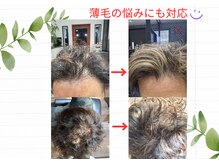 美容室ブラスパの雰囲気（3万円のヒト幹細胞上清液をシェアするスペシャルコース6600円）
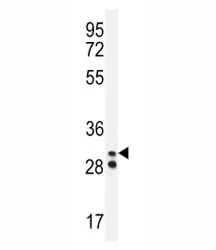 Neutrophil elastase Antibody - image 1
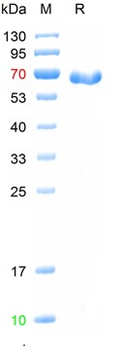 Recombinant human RCBTB2 protein, His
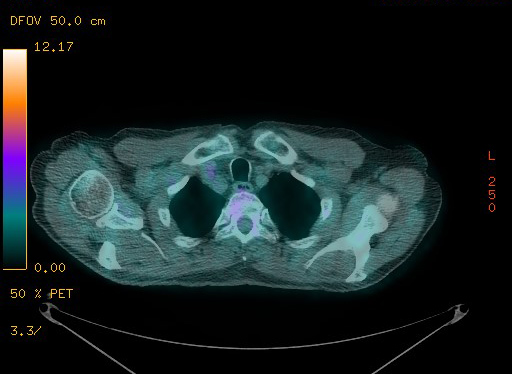 Appendiceal adenocarcinoma complicated by retroperitoneal abscess (Radiopaedia 58007-65041 Axial PET-CT 36).jpg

------------------------------------------------------------

### [Task objective]
Without copying any picture, write out all of the material exactly as it reads.

### [Result of this task]
 美容室ブラスパの雰囲気（3万円のヒト幹細胞上清液をシェアするスペシャルコース6600円）
 Neutrophil elastase Antibody - image 1
 Recombinant human RCBTB2 protein, His
 Appendiceal adenocarcinoma complicated by retroperitoneal abscess (Radiopaedia 58007-65041 Axial PET-CT 36).jpg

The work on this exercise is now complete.